For years, in ongoing litigation against Defense Distributed, the State Department successfully argued that the publication of such blueprints was a national security risk that would put untraceable and undetectable guns in the hands of terrorists and other dangerous people with nefarious intentions. Earlier this year, however, the State Department suddenly reversed course and reached a settlement that allowed for the publication of 3-D gun blueprints and even paid Defense Distributed’s attorney’s fees. Within days of learning of the settlement, the Brady Center filed a FOIA request on July 16, 2018 seeking documents that would shed light on the State Department’s shocking about-face. Despite recognizing the urgency of the Brady Center’s FOIA request and agreeing to expedite its processing, the State Department has not produced a single responsive document.
"The Trump Administration must explain to the public why it chose to reverse longstanding State Department policy opposing publication of blueprints, and decide to allow terrorists and other dangerous people to make undetectable, untraceable guns with 3-D printers in complete anonymity," said Kris Brown (she), President of Brady Campaign and Center to Prevent Gun Violence. "Instead of making it infinitely easier for the wrong people to get their hands on guns, it’s the government’s responsibility to prevent the inevitable threats to its citizens posed by weapons that can pass through metal detectors in airports, schools, and other public places."
“The State Department consistently argued that such untraceable and undetectable 3-D printed guns were a national security risk, and it prevailed on this argument at each step of the litigation against Defense Distributed,” said Brady Center attorney Joshua Scharff. “In April, the State Department again raised these national security concerns under oath to a federal court. Citizens have the right to know why the State Department suddenly abandoned its winning position. We do not know what the State Department is hiding, but we intend to find out.”
Blank Rome LLP represents The Brady Center in the lawsuit.
The Brady Center has been leading the fight against 3-D printed guns for years. In 2016, the Brady Center filed an amicus brief in Defense Distributed’s lawsuit against the State Department, and the Brady Campaign sought to intervene in the case in July 2018 after the State Department abandoned its litigation position. The Brady Campaign also filed an amicus brief in support of a lawsuit subsequently filed by a bipartisan group of state Attorneys General from throughout the nation, arguing that the Second Amendment does not grant Defense Distributed the right to publish the blueprints, nor does it protect the right to create or own 3D-printed guns. A federal judge issued a preliminary injunction in that case preventing Defense Distributed from publishing its blueprints online.

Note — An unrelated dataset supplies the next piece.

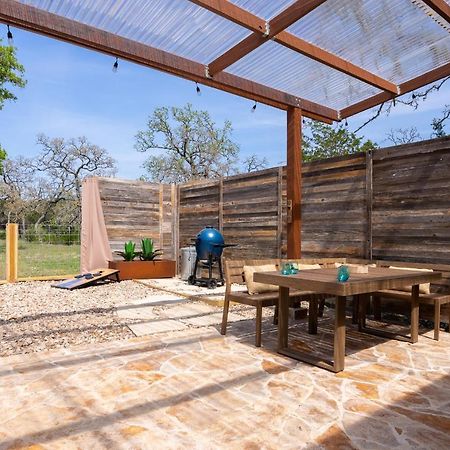 Romantic Tiny Luxury Retreat W Heated Pool, Sauna N Outdoor Shower In Wimberley 10 Acres Villa Exterior foto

Jonathan Lowy and Joshua Scharff of the Brady Center to Prevent Gun Violence and Jon Waldron, Stefanos Roulakis, and Ariel Glasner of Blank Rome LLP are leading the case.
The Brady Center to Prevent Gun Violence is dedicated to reducing gun injuries and deaths in America by stemming all of the causes of gun violence. For more than 25 years, the Brady Center’s legal team has fought in and out of the courts to obtain justice for victims of gun violence, to reform dangerous industry practices, and to defend reasonable gun violence prevention laws.

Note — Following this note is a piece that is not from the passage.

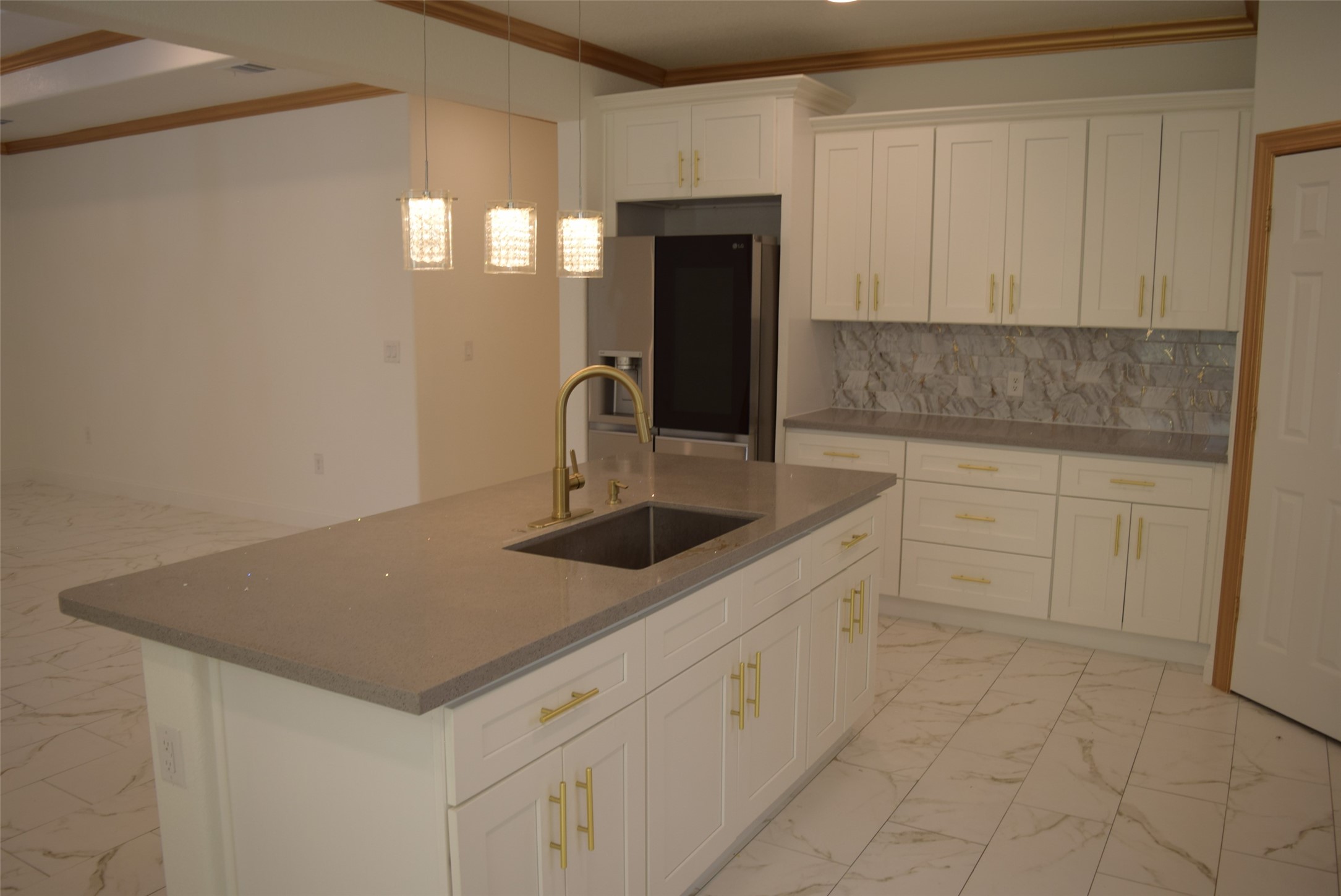 445 Road 5102 J Property Photo 10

Blank Rome is an Am Law 100 firm with 13 offices and more than 600 attorneys and principals who provide legal and advocacy services to clients operating in the United States and around the world. For more information, please visit blankrome.com.
Brady has one powerful mission — to unite all Americans against gun violence. We work across Congress, the courts, and our communities with over 90 grassroots chapters, bringing together young and old, red and blue, and every shade of color to find common ground in the common sense. In the spirit of our founders Jim and Sarah Brady, we have fought for over 25 years to take action, not sides, and we will not stop until this epidemic ends. It’s in our hands.